Given information
___

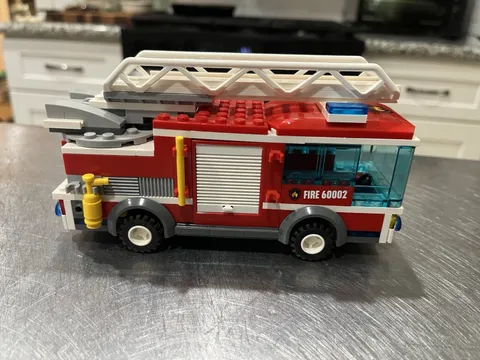 Incomplete LEGO City Fire Truck Set 60002 Missing 1 Mini Figure No Hydrant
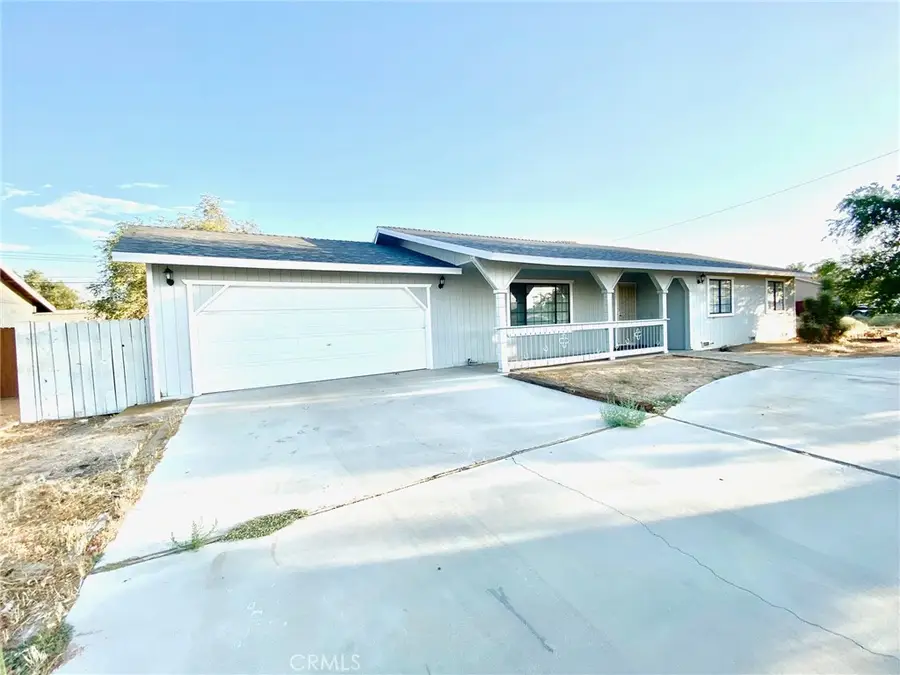 8216 Dogwood Avenue, California City, CA 93505 - Image #2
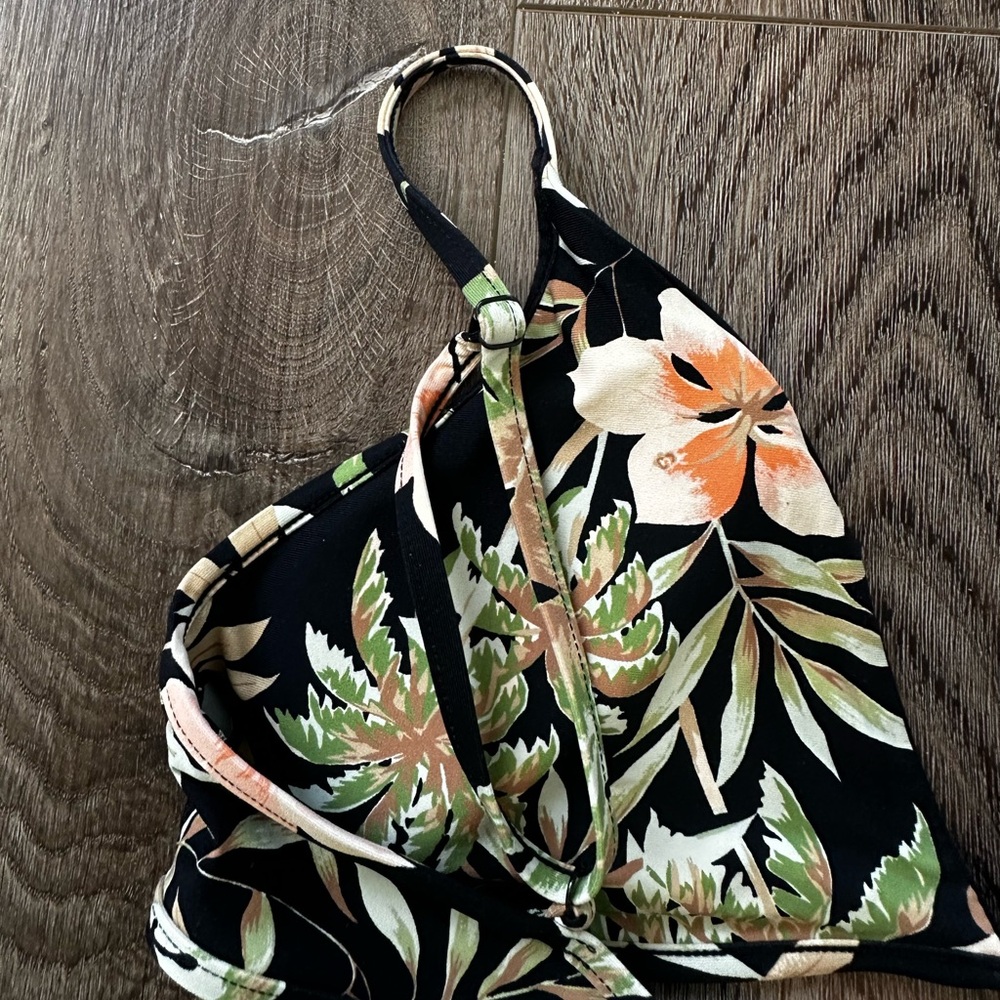 Floral Bikini Top - Picture 4 of 6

___

Task brief
The expected output is every line of the data, unchanged, with the pictures skipped.

Answer for this exercise
 Incomplete LEGO City Fire Truck Set 60002 Missing 1 Mini Figure No Hydrant
 8216 Dogwood Avenue, California City, CA 93505 - Image #2
 Floral Bikini Top - Picture 4 of 6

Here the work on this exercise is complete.